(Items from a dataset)
==================================================
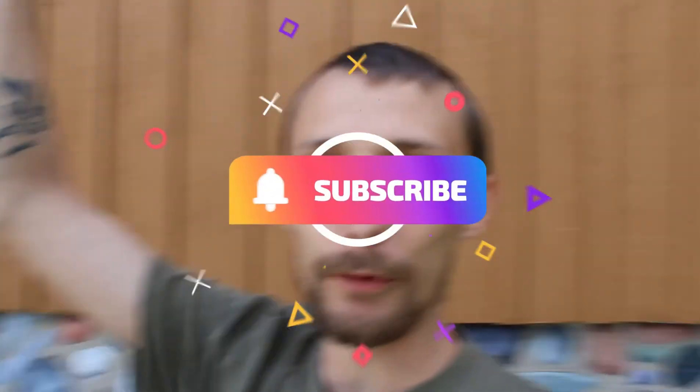Just so you guys know, definitely give this a giant thumbs up and don't forget to subscribe to Ferris the Fam, because we love you guys so much and we keep bringing you everything you ever want to see.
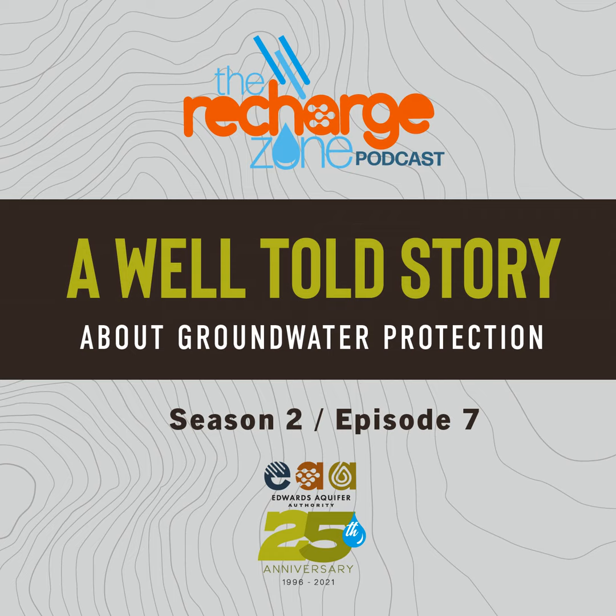Can a well that was drilled like in the 1930s still be in good condition? Or is there something that people have to do to make sure the legacy of their family living on the same property and using the same well is maintained? Or is it like they plug it and drill a new well? Because there are families whose livelihood depends on them growing food, having wells, and having access to water. Those stories that go along with it are really interesting.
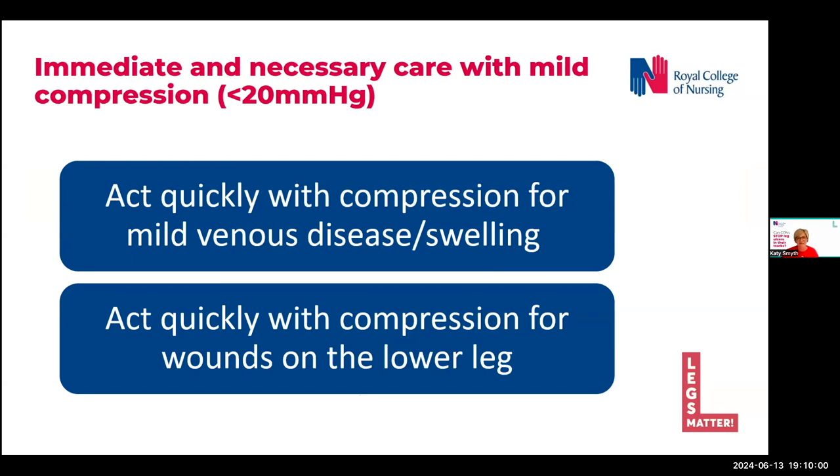And that's characterised as mild compression by the World Union of Wound Healing Societies. The National Wound Care Strategy has given us permission to use mild compression for the indications listed on this slide. This is not for everyone, however.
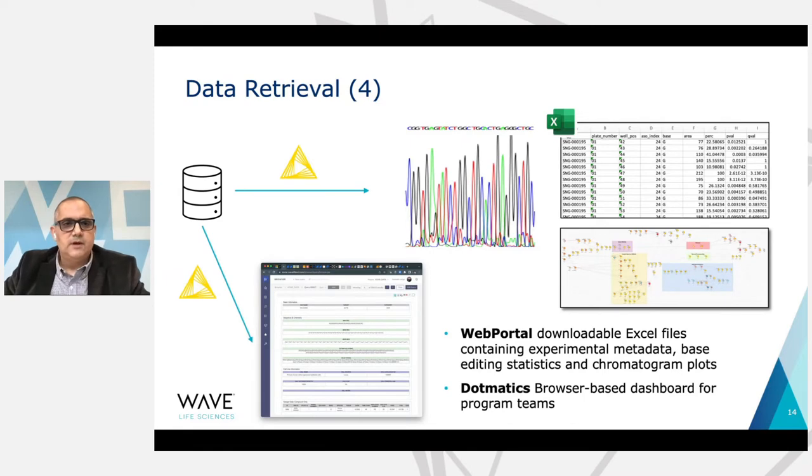The final piece is data retrieval. All this information is stored in a central database, and we have KNIME workflows — some running as server workflows — that allow users to go to the web portal and retrieve experimental data that they've created, including the chromatograms. Or they can go to our Dotmatics electronic lab notebook system and view and search this data within browser-based forms. This also allows them to combine this data with other data produced for the same molecule in other experiments.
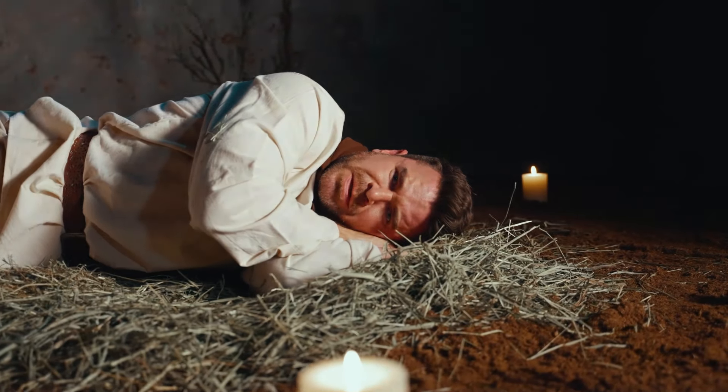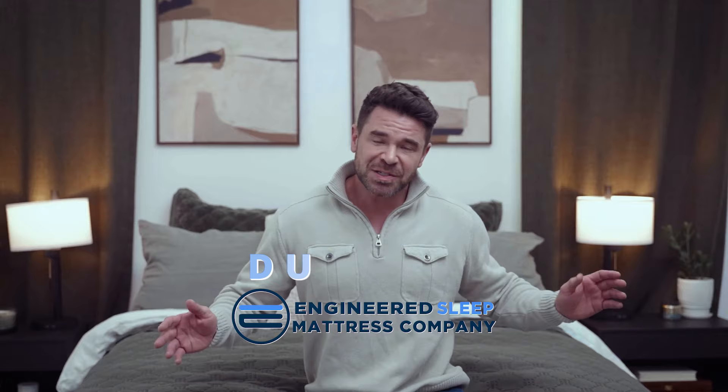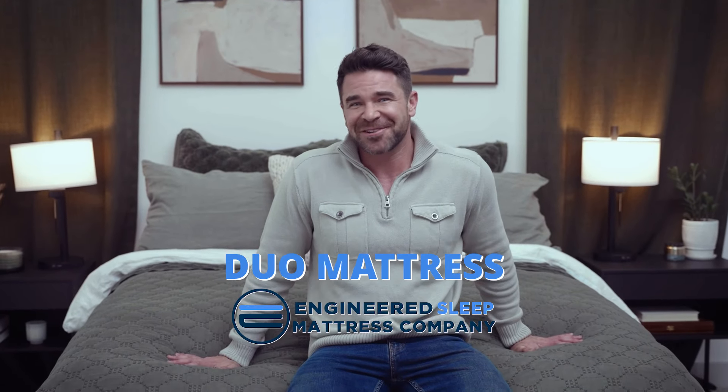400 years ago, this was peak sleep technology. Fast forward to today, and the experts at Engineered Sleep have over 400 years of combined experience, which is why the Duo mattress feels so good.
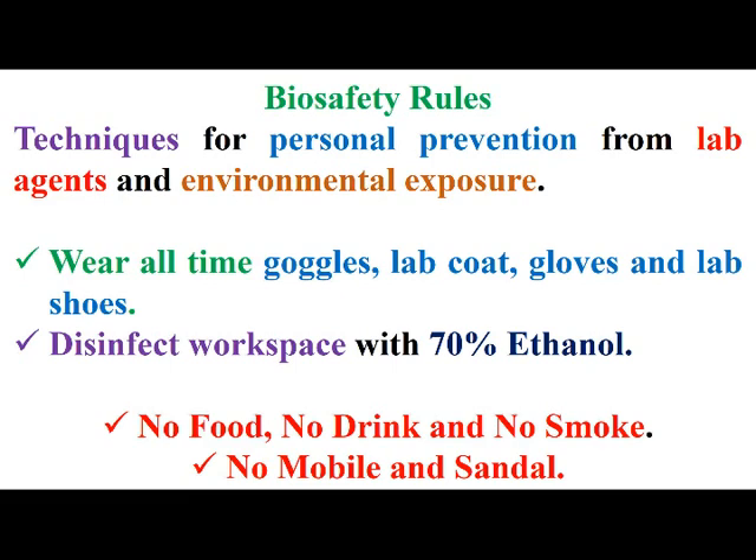This includes wearing at all times goggles, lab coat, gloves, and lab shoes, and disinfecting the workspace with 70% ethanol. There should be no food, drink, smoke, mobile, or sandals inside biosafety labs.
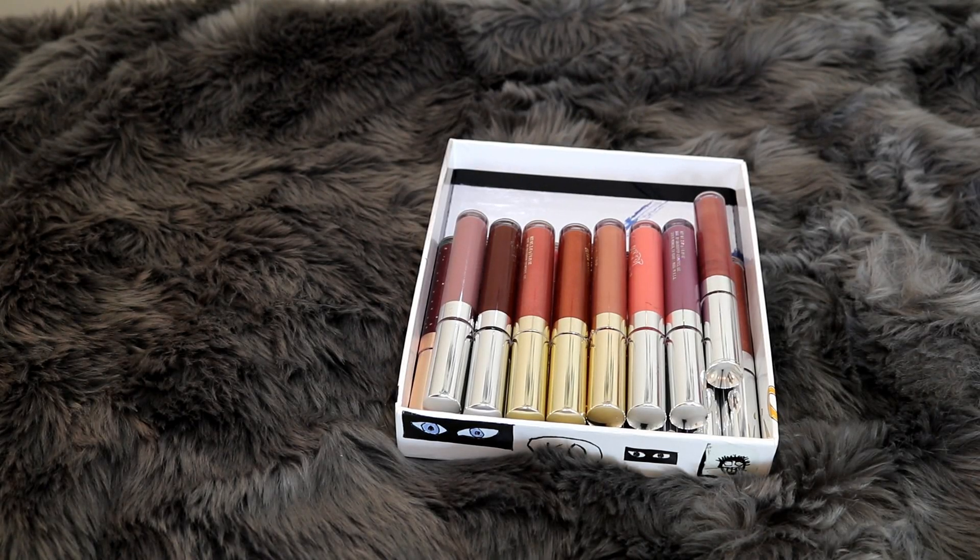Hey guys! Alex and Jerry here and welcome to the channel. Today I'm here to share with you my ColourPop lip gloss collection by request from some of you guys. So if you guys are curious what I have in my ColourPop lip gloss collection, let's go ahead and get into it.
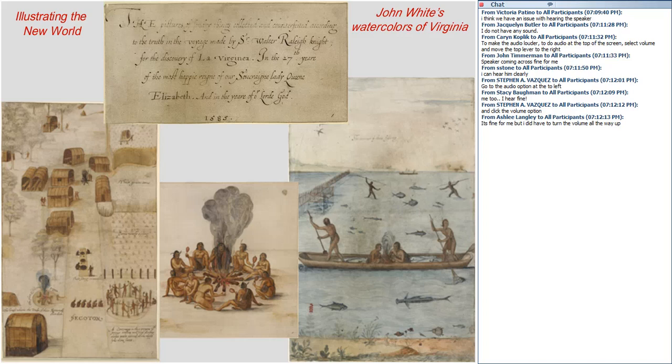Maybe the way to start that story is with the title page that John White himself made for his collection of watercolors. The original watercolors exist as a body of about 80 sheets at the British Museum, and at the top of them is this title page that reads: 'The pictures of sundry things collected and counterfeited according to the truth.' So there's this real claim for truth — this happening in the voyage made by Sir Walter Raleigh, in the 27th year of the reign of Queen Elizabeth, all this in 1585.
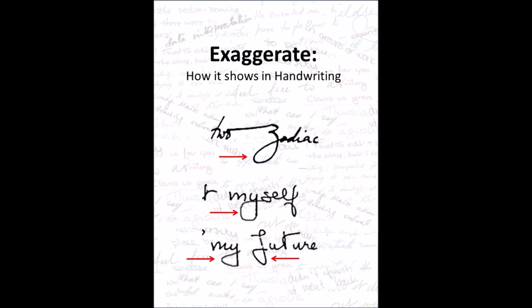Exaggeration and how it shows in handwriting. Someone who not only comes up with practical ideas but who is likely to exaggerate them and how they feel about things shows in exaggerated lower loops. Any loop that is wider than the rest of the letter shows the tendency to exaggerate. In the case of a narrow letter like the F in 'future' here, just an unnecessarily wide loop shows exaggeration.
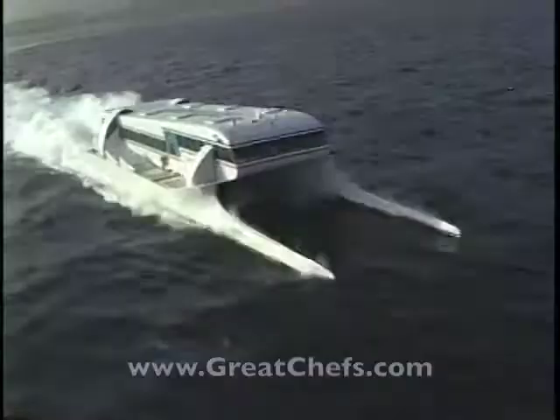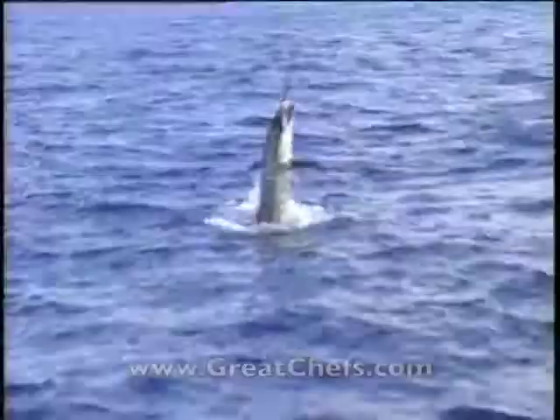All aboard! Ship ahoy! Yes! We come again!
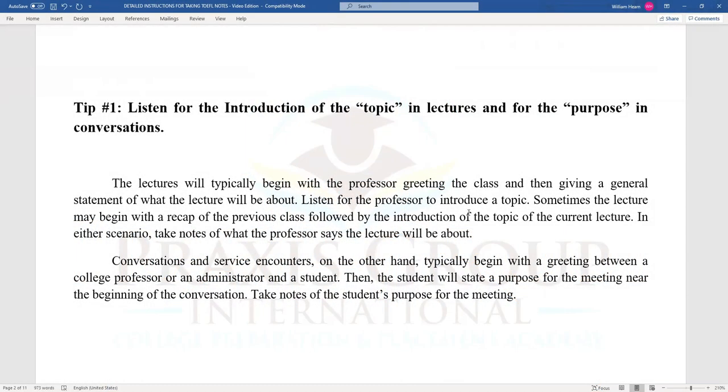Tip number one: listen for the introduction of the topic in lectures and for the purpose in conversations. Lectures will typically begin with the professor greeting the class and then giving a general statement of what the lecture will be about. Sometimes the lecture will begin with a recap of the previous class, followed by the introduction of the topic of the current lecture. In either scenario, take notes of what the professor says the lecture will be about. Conversations and service counters typically begin with a greeting, then the student will state a purpose for the meeting near the beginning. Take notes of the student's purpose for the meeting.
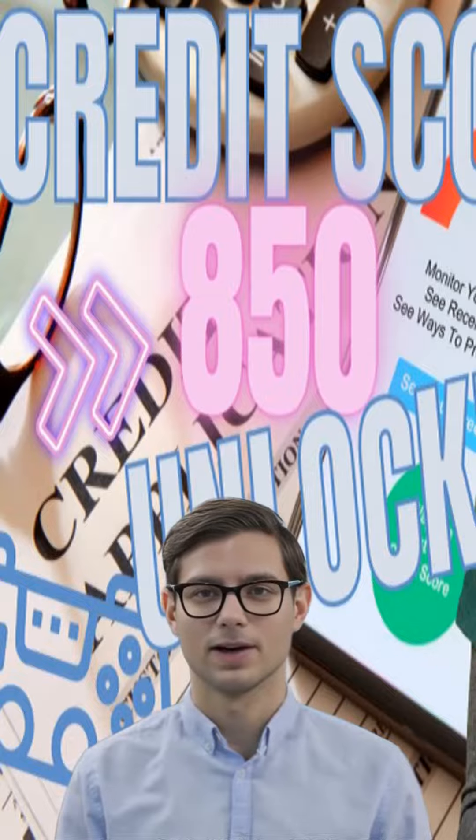It reflects whether you have made your payments on time, how frequently you have missed payments, and how many accounts are past due. Late payments and delinquent accounts can have a negative impact on your credit score.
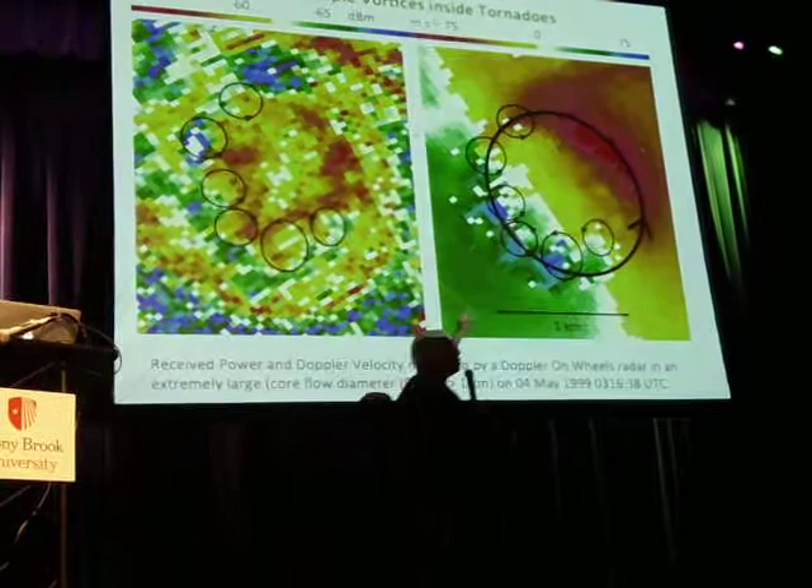So we see a lot of different kinds of structures — sometimes very simple ones, sometimes very complex — when we're looking with single radars.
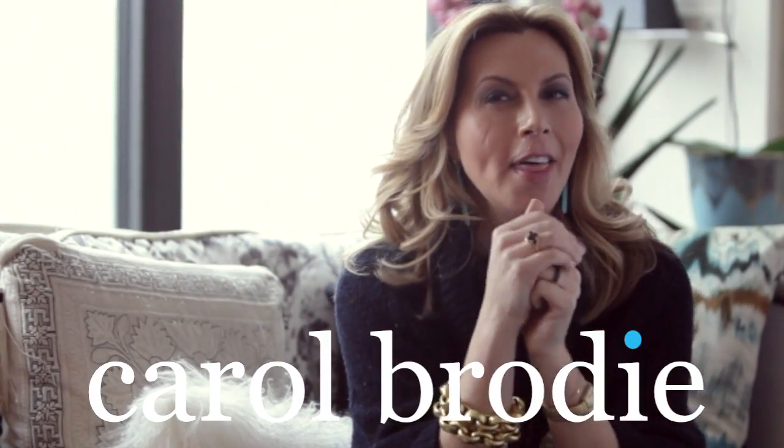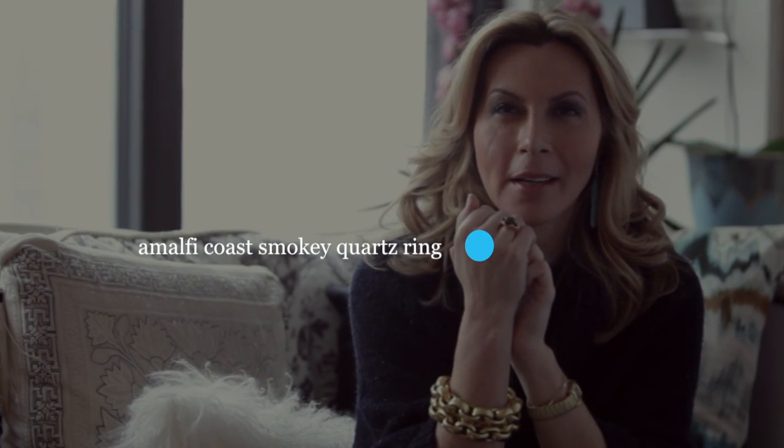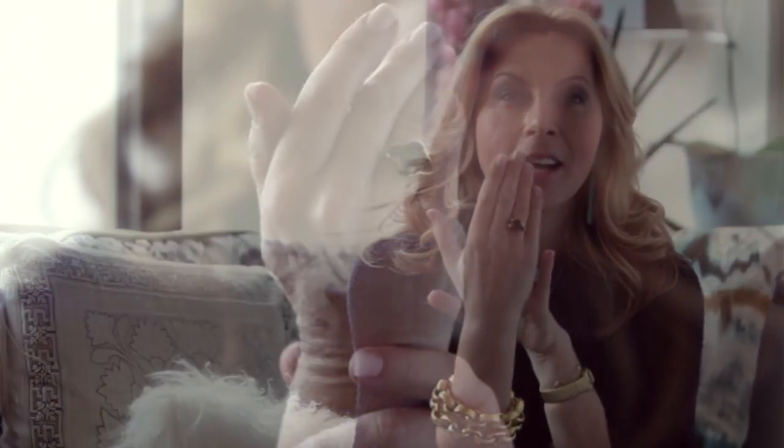It's hard to believe that you can own a 14 karat gold vermeil and amazing smoky quartz gemstone ring for under $300. It is — and today at Open Sky, you can have it for just $78.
==================================================
- **Task item**
Where the line containing "So we see a" appears in the records above, begin copying and continue exactly through the last line, with nothing else; omit every picture.

- **Answer to this exercise**
So we see a lot of different kinds of structures — sometimes very simple ones, sometimes very complex — when we're looking with single radars.
It's hard to believe that you can own a 14 karat gold vermeil and amazing smoky quartz gemstone ring for under $300. It is — and today at Open Sky, you can have it for just $78.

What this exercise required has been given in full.